Chemical production scale up can create performance gaps in final products due to process condition variations. To streamline production scale-up, it is important to identify the key process factors of critical performance metrics. Multi-level data processing (critical performance metrics measured at different levels/stages), multicollinearity (high correlations among process factors) and “curse of dimensionality” (too many process factors and interactions compared to number of observations) together make it a challenge in statistical modeling.
In a real Dow scale up example, we applied classical regression methods (Stepwise Regression, Partial Least Square and Generalized models) and Symbolic Regression approach (linear and nonlinear model searching algorithm) for two critical performance metrics. Multiple important process factors were identified consistently across all methods for the two metrics.
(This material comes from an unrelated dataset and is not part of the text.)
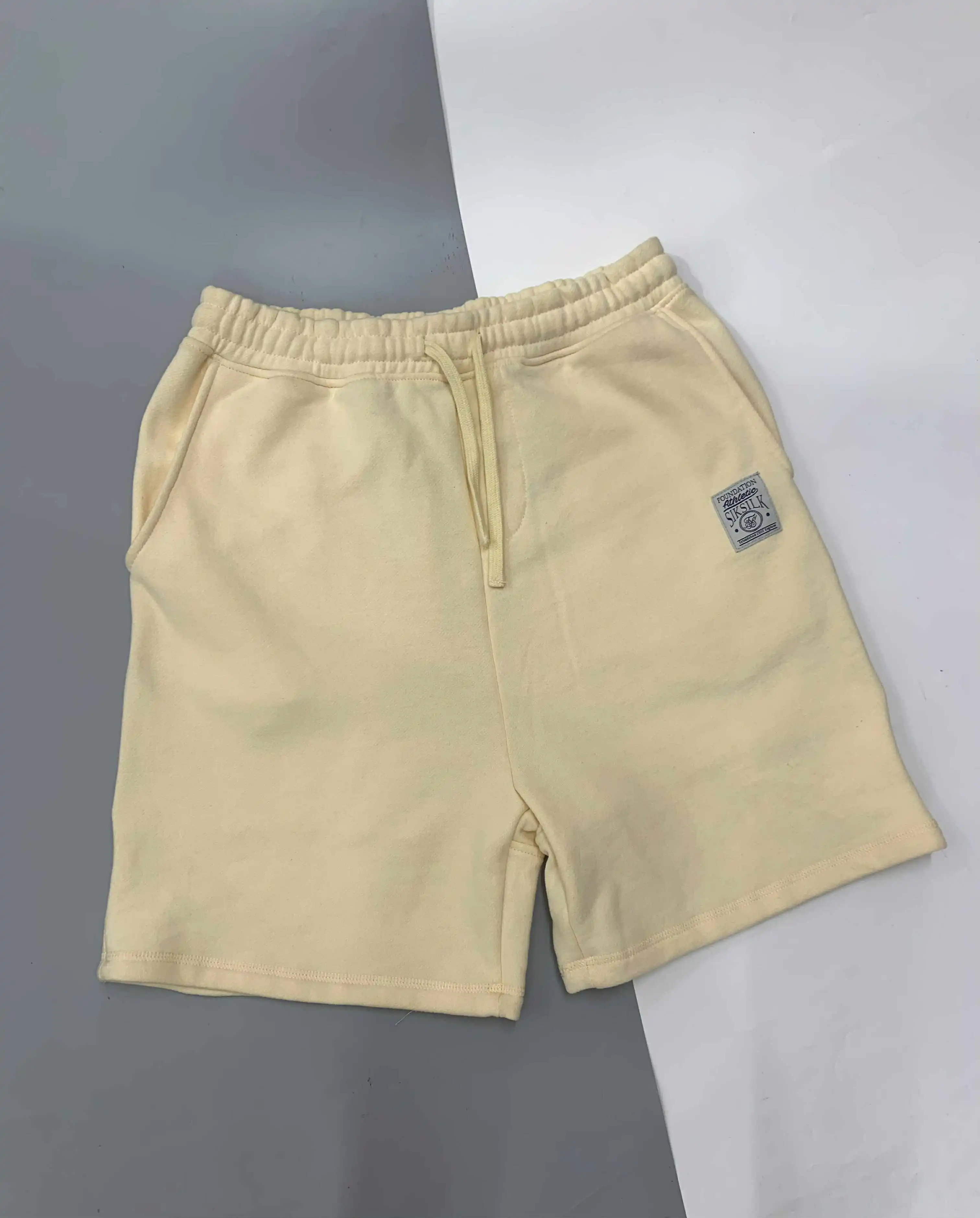 QUẦN SHORT SKSILK BE- CHÍNH HÃNG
In this presentation, we also demonstrate model validation using an independent test data for comparing different models. Among all the models, Ridge regression has highest model prediction accuracy with the most model complexity including all process factors and interactions. Pareto front models in Symbolic Regression approach were selected for comparison with classical models in the test data.
From practical and statistical perspectives, we selected two models with relatively high prediction accuracy and low model complexity for the two performance metrics. With this work, the business can streamline process optimization by using in-process, real-time measurements to estimate critical performance metrics. Successful implementation of these process models will accelerate the progress of launching the new products in the commercial manufacturing plant.